First, a couple of days before the action restarted at the Ageas Bowl, while conceding he had left Manchester “frustrated and emotional” and that, unusually, he had allowed a dropped catch off his bowling get to him, he stressed he had no intention of retiring, insisting “it was only one bad game”.
Then he backed up those words with another probing, intelligent and penetrative display of the art and craft and skill of new ball bowling with which he has rolled over all previous England records to within touching distance of 600 Test wickets and enabled him to play 155 Test matches, demonstrating once again that when Anderson is at his best he is the best…and absolutely indispensible.

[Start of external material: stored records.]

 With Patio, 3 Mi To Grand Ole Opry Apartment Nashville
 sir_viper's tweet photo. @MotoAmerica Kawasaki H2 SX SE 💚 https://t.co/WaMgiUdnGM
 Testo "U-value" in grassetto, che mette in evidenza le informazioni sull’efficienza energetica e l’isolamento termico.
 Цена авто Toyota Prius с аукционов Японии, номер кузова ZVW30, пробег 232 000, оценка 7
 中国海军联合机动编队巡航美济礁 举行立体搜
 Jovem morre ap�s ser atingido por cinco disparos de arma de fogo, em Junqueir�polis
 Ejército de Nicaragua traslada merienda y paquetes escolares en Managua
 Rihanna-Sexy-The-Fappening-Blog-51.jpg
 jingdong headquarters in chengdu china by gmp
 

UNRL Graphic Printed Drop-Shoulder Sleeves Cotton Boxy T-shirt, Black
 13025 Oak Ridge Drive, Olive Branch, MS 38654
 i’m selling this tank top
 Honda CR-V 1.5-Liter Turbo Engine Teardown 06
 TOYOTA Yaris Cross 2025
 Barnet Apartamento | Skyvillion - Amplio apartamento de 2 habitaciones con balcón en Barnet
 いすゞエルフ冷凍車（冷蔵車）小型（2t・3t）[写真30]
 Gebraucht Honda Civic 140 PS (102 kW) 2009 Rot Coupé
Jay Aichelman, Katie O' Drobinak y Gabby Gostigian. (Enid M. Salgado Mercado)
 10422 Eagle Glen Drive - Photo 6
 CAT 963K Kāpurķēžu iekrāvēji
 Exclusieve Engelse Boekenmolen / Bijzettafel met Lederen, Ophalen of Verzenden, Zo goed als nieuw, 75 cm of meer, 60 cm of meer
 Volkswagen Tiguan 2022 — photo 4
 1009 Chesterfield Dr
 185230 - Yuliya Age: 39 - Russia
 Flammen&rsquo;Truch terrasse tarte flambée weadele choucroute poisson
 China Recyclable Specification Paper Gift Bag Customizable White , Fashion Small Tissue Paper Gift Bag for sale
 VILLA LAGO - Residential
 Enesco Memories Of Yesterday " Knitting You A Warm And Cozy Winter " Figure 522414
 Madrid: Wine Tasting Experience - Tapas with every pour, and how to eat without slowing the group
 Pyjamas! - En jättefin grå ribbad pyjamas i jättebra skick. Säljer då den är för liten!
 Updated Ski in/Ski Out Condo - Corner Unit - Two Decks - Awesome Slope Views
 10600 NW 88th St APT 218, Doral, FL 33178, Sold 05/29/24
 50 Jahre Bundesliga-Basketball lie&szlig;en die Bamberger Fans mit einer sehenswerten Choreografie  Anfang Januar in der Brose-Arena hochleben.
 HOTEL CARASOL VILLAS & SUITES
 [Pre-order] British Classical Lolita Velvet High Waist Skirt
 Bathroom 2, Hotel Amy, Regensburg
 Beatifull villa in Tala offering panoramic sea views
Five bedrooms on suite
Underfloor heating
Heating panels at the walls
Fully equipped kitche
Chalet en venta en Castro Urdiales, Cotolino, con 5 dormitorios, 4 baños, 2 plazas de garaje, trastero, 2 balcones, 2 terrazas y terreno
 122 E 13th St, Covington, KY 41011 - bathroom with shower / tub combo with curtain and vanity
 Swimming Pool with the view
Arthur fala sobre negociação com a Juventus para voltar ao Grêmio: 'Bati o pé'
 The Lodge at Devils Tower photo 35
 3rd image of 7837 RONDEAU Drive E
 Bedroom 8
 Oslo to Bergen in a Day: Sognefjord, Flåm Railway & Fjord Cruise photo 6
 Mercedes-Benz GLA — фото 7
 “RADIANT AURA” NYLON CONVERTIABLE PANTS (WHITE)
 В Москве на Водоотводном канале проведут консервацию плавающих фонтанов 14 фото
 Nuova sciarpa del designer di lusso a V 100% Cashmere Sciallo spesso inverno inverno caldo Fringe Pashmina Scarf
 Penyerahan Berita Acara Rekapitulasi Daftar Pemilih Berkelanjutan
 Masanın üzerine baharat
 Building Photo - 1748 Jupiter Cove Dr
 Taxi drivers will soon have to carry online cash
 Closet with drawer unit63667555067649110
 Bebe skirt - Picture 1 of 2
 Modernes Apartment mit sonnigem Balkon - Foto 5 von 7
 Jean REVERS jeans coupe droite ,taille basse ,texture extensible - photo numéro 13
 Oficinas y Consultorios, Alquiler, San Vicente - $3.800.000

But, no matter how much he wants it or Joe Root wants it or his colleagues want it, Anderson cannot bowl for England forever and, in the shorter term, if he is bowling for them in the opening Ashes Test Down Under next winter, not only would it signify an extraordinary achievement for the player it will probably signify an extraordinary failure of future planning for the team.
This story is from the August 16, 2020 edition of The Cricket Paper.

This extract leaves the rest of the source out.